### INSTRUCTIONS FOR THE TASK
When a line below contains the word "button", it counts toward the total; give that total and nothing besides.

### RECORDS FOR THIS EXERCISE
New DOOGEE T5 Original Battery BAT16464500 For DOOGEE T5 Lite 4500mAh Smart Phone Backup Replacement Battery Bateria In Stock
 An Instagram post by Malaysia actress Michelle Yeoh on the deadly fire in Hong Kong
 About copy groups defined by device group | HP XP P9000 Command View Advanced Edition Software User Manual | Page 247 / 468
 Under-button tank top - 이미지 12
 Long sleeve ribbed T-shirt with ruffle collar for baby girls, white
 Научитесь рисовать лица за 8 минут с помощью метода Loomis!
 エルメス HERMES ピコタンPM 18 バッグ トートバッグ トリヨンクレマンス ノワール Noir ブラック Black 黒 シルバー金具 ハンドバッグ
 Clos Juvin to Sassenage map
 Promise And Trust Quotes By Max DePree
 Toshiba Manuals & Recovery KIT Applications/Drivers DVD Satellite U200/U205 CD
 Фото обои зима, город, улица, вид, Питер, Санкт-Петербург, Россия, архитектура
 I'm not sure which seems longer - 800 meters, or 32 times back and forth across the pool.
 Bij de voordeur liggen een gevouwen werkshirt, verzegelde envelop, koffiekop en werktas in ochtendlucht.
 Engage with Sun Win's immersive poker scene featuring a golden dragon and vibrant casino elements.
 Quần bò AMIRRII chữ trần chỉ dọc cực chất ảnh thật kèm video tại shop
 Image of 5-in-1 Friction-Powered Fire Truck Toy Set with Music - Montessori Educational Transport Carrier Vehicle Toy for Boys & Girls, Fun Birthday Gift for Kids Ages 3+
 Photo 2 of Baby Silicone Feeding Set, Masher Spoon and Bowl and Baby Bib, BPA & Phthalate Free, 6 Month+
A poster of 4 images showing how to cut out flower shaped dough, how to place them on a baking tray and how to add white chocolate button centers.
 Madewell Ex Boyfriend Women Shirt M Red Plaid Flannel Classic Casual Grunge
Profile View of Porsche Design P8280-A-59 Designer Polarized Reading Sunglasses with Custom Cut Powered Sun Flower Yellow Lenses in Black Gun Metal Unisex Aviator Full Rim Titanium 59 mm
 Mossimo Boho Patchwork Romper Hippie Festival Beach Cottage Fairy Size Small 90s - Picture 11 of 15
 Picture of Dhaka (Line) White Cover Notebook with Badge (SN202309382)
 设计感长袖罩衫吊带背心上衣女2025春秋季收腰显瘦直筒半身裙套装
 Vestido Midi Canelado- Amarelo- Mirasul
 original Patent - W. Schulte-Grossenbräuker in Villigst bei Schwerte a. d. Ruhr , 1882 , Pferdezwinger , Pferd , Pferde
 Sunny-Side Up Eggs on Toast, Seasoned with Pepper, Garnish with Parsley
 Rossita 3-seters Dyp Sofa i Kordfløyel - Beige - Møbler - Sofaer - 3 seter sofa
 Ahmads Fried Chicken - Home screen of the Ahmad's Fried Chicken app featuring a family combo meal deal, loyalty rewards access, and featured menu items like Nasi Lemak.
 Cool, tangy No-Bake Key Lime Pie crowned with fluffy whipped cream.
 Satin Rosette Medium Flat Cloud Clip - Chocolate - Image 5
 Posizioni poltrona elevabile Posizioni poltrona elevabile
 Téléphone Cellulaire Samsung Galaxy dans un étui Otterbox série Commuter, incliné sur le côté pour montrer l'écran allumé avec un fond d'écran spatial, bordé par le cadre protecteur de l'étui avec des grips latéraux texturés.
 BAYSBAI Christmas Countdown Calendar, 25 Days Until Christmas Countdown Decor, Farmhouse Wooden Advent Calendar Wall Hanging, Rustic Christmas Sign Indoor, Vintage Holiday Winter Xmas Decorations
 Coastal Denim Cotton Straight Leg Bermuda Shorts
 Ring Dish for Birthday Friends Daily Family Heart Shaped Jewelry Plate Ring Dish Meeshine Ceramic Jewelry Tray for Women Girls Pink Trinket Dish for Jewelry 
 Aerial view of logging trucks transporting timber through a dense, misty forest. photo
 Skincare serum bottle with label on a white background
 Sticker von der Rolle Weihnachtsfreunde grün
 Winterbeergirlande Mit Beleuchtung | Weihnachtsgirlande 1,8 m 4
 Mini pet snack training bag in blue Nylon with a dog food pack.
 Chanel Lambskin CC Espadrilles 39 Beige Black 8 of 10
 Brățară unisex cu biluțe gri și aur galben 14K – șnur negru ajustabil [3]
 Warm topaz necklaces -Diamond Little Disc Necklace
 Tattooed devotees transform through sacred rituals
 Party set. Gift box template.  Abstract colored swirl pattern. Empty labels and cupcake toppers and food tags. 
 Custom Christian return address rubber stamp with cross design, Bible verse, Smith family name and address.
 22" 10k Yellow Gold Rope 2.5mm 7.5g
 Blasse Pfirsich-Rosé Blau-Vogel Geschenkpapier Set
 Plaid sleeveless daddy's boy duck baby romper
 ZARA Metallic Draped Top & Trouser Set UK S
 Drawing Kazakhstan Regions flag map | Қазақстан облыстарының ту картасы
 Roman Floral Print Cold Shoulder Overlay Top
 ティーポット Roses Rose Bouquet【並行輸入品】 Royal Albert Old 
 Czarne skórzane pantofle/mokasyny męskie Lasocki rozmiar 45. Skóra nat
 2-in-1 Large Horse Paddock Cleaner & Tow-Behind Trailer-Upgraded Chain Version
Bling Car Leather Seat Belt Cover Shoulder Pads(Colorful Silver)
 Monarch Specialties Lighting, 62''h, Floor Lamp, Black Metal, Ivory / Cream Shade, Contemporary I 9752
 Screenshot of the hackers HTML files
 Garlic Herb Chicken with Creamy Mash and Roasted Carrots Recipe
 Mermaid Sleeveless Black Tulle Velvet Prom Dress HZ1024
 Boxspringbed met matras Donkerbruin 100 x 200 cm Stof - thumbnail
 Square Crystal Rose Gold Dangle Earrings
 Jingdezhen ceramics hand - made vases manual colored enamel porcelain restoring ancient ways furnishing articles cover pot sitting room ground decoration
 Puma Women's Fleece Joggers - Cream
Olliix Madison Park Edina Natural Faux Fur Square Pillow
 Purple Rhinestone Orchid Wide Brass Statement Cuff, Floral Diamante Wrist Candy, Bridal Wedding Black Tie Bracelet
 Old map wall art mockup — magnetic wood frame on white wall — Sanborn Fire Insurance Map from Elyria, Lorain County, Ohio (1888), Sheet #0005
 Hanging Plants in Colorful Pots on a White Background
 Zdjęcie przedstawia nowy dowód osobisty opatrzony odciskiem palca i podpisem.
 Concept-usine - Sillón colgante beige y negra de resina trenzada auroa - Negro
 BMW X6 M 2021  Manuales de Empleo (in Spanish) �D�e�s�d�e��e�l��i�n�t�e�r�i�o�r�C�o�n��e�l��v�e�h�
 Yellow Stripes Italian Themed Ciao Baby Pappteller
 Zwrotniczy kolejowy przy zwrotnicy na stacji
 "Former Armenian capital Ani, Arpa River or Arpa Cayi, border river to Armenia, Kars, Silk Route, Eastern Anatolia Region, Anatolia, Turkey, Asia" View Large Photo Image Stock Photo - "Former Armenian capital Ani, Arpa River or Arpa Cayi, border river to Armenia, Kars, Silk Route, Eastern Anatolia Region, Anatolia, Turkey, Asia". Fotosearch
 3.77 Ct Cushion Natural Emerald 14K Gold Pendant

### RESULT FOR THIS TASK
2